Yup - fair call. The SSL structure *is* having its callback copied from the
SSL_CTX during SSL_new() anyway, so what you say is pretty easy to achieve.
However, I'm trying to fix a more serious problem first ... :-)
> > + /* Finally, check for a conflict */
> > + if(SSL_CTX_has_matching_session_id(s->ctx, ss->session_id,
> > + ss->session_id_length))
> > + {
> > + SSLerr(SSL_F_SSL_GET_NEW_SESSION,
> > + SSL_R_SSL_SESSION_ID_CONFLICT);
> > + SSL_SESSION_free(ss);
> > + return(0);
>
> This has the same race condition as the previous code (there's a time
> window between checking for a conflict and adding the session to the
> session cache), except that now we can't reason that the PRNG is
> extremely unlikely to ever generate a collision of that length.
Hmm.
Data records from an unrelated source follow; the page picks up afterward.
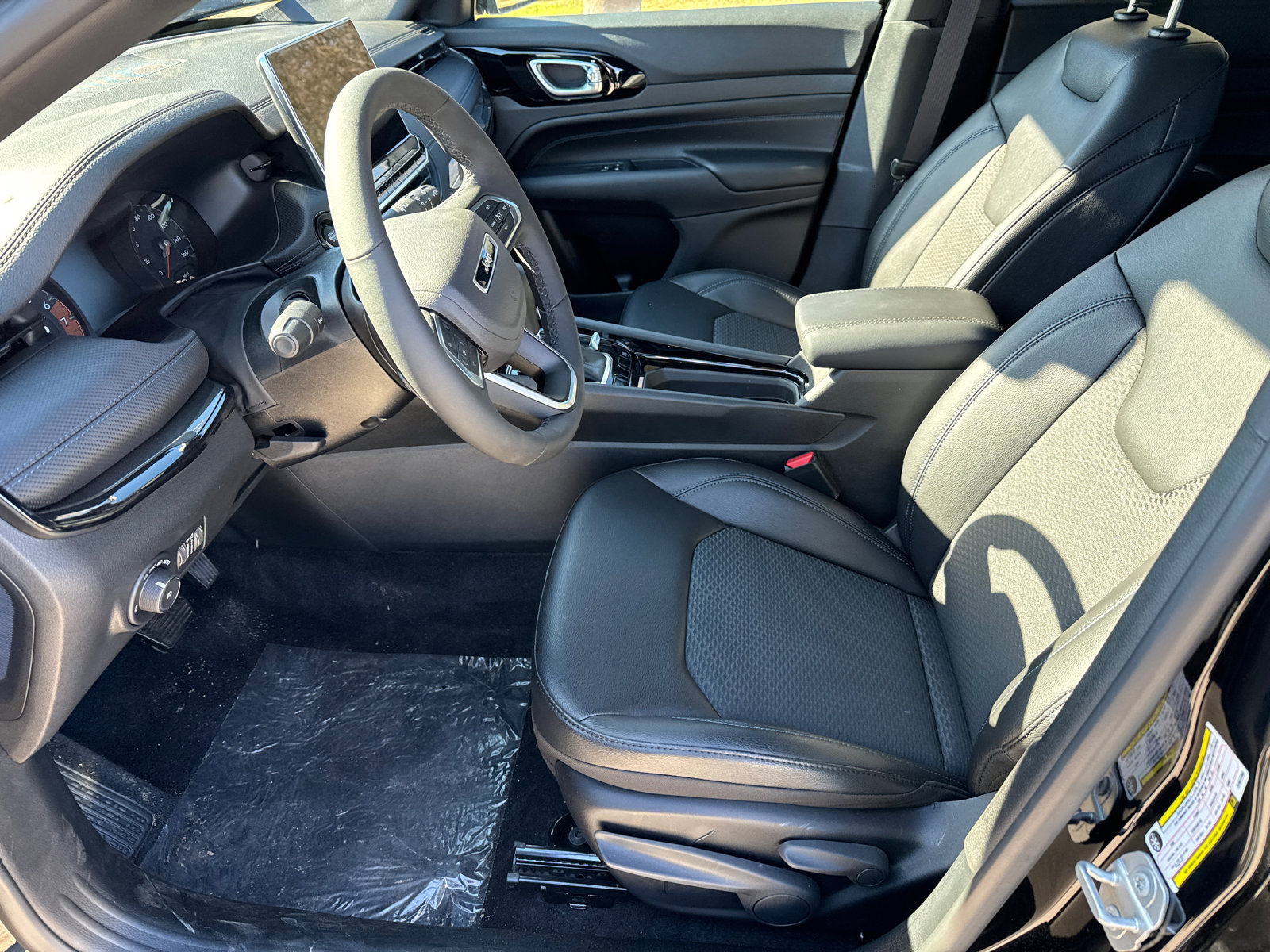 New 2025 Jeep Compass Latitude image 8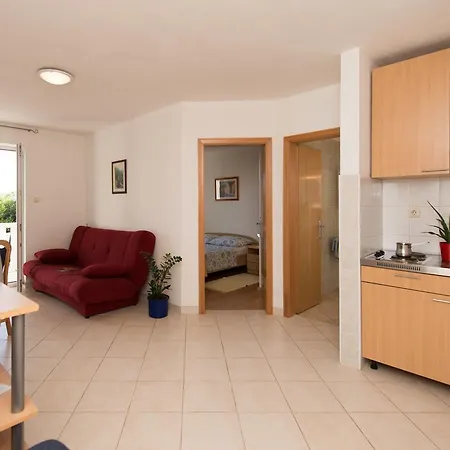 Apartment Sun House Bol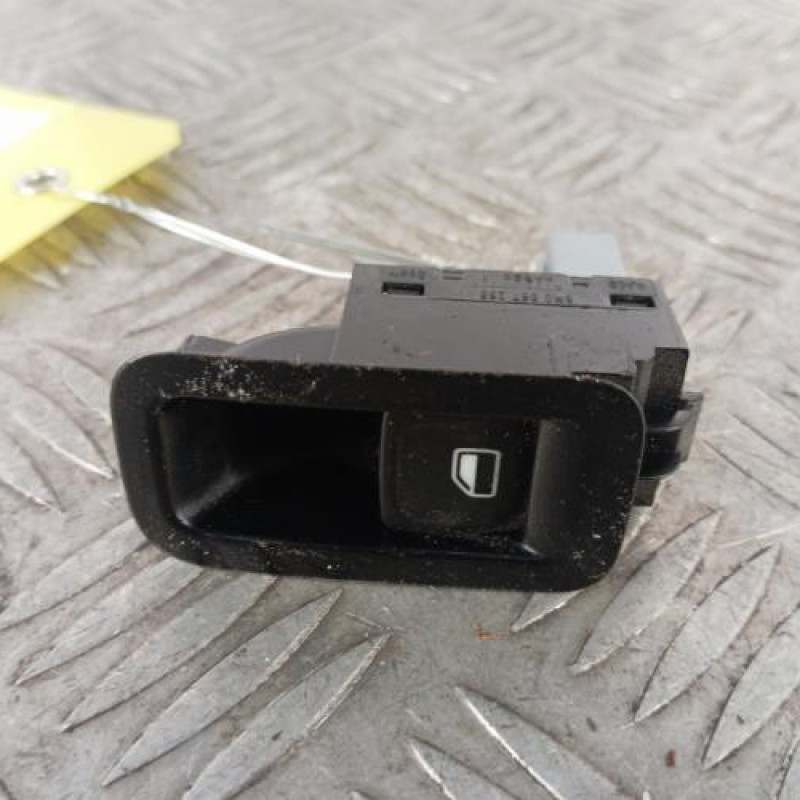 Interrupteur de leve vitre avant droit VOLKSWAGEN POLO 5
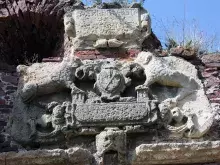 Підзамочківський замок, герб над брамою, 2014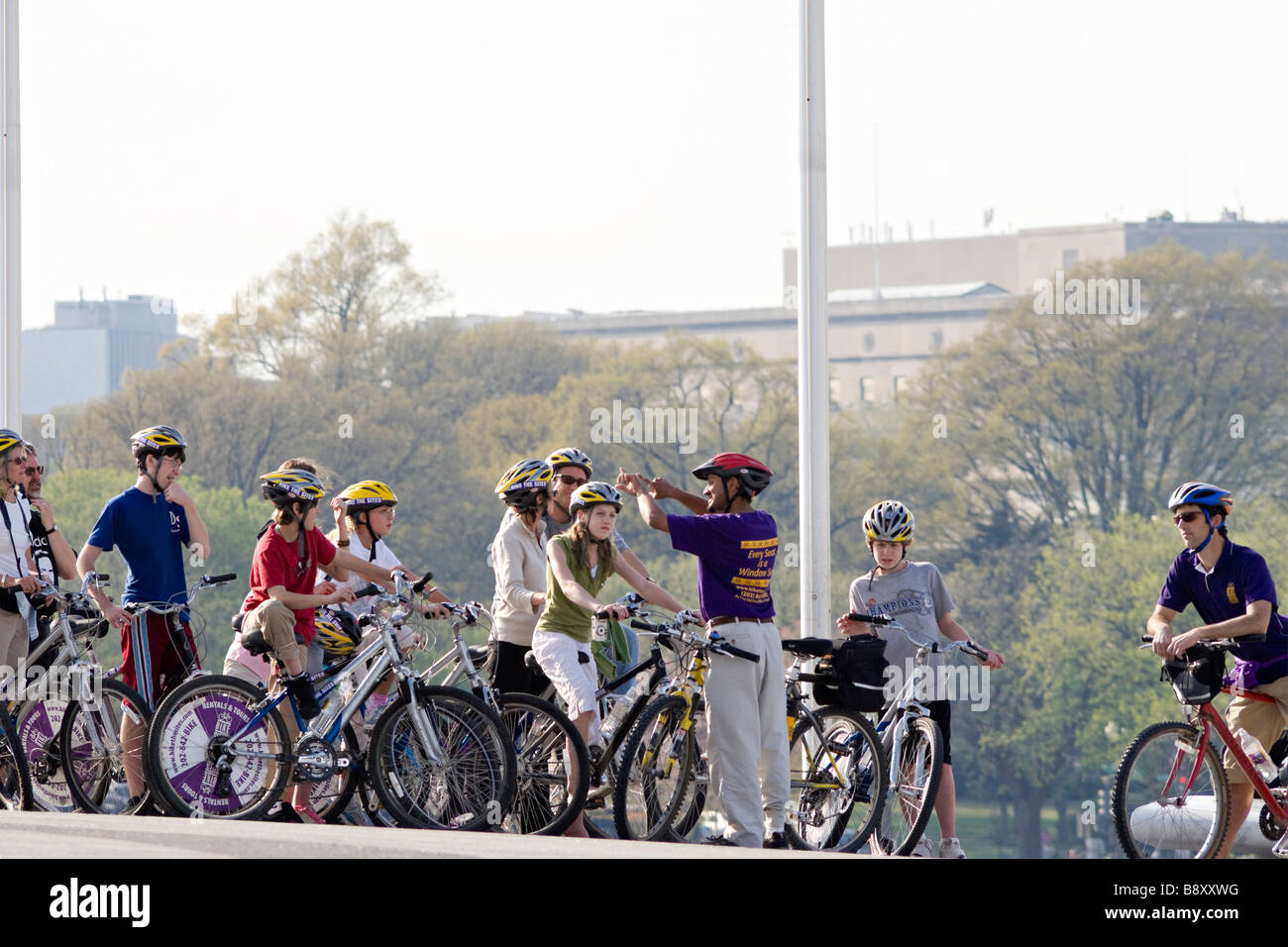 Touristen auf Fahrradtouren die Sehenswürdigkeiten von Washington DC mit Fahrrad Seiten. Unter dem Washington Monument. Stockfoto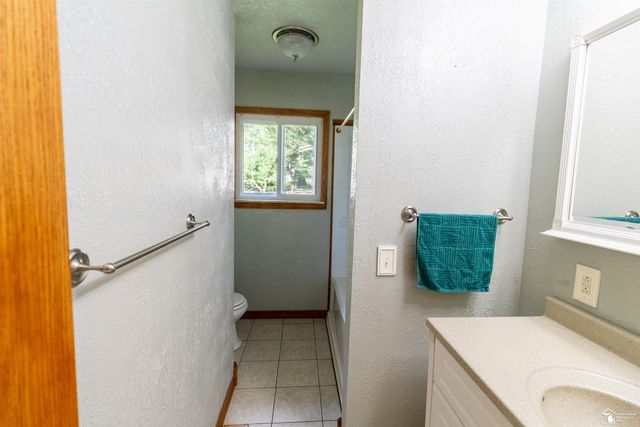 8940 Woodside Drive, Temperance, MI 48182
Yes.
However, the problem remains that if external session caching is being used,
even if the race in the "local" cache is resolved, the same race needs to
resolved in the external cache which is less trivial. There would need to be an
atomic operation that simultaneously checks if the session ID is unique *and*
adds it to the cache if it is. Actually it's worse than that - the point at
which we check for uniqueness of the session ID is too early in the handshake to
have a session to put in the cache - so we're actually talking about reserving a
session ID in the cache if it doesn't conflict. Ugh. Trying to write this as a
two-phase commit, (ie. first commit to the local cache, second commit to the
external cache, with a rollback if necessary), together with getting the locks
right for local cache operation as well as external cache operation (the latter,
if it involves networking directly or via nfs, etc, can't be done inside a
global lock, can it?), could be tricky.
Anyway, as I mentioned there's something else I'm trying to address first. The
uniqueness checking is not right currently - SSL_SESSION_cmp() (as used in the
local cache, thought the lhash "cmp" callback) factors in the ssl version (which
it should). But the SSL_CTX_has_matching.... function is using the ssl version
from the SSL_CTX's "meth". This could be different to the actual SSL/TLS version
being negotiated in the SSL handshake in which this check is being made. (This
was my oversight - Lutz spotted it). I'm checking in a fix for this soon
hopefully.
> Previously the race condition did not matter because we had control
> over the generation of session IDs, but now the application takes over
> responsibility for this. Also we'd have to query the external cache
> for conflicts. (With the current API for external session caches, we
> can't avoid the race condition, so the API would have to be extended.)
This can't *really* be done anyway. The interaction between local and external
caching is too loose I think. Eg. a "get_session" operation on an external cache
might be called if a requested session ID doesn't exist in the local cache, but
by the time it returns, another thread may have created a conflicting session ID
in the internal cache. Similarly, a "put_session" may succeed locally but fail
externally - even if we check externally first because another thread (or
another machine even) may get to the external cache inbetween our check and our
"put".
> The previous conflict-checking code was not really functional;
> it was just there mostly as a reminder that session IDs must
> be unique (and maybe as a sanity check for PRNG output).
> Now that the session ID generation becomes more complicated,
> we should either fix these problems or declare that applications
> are solely responsible for ensuring uniqueness of session IDs;
> in the latter case, we could delete the conflict checks
> to keep the code clean.
Frankly, that's tempting. Not sure if it's the best way to go or not, but it
would certaily make OpenSSL's side of things simpler, albeit that callbacks may
be obligated to be *very* careful to avoid race conditions blowing up their
SSL/TLS handshakes (actually more likely is that we could let handshakes
continue, but the race would affect whether sessions got cached or not).
For now at least, one option is to pass a configurably smaller buffer to the
callbacks for it to choose without making any uniqueness considerations. So on
return, we could at least be sure OpenSSL is going to fill *enough* of the
remaining session ID with random data. This reduces us to an equivalent form of
the existing code - namely assuming our session ID space is large enough for
this problem to go away. Except of course, we give part of that space to the
callback for application-specific control, and use the what remains of it for
our randomness and uniqueness assumptions.
I'm less enthusiastic about that last option though.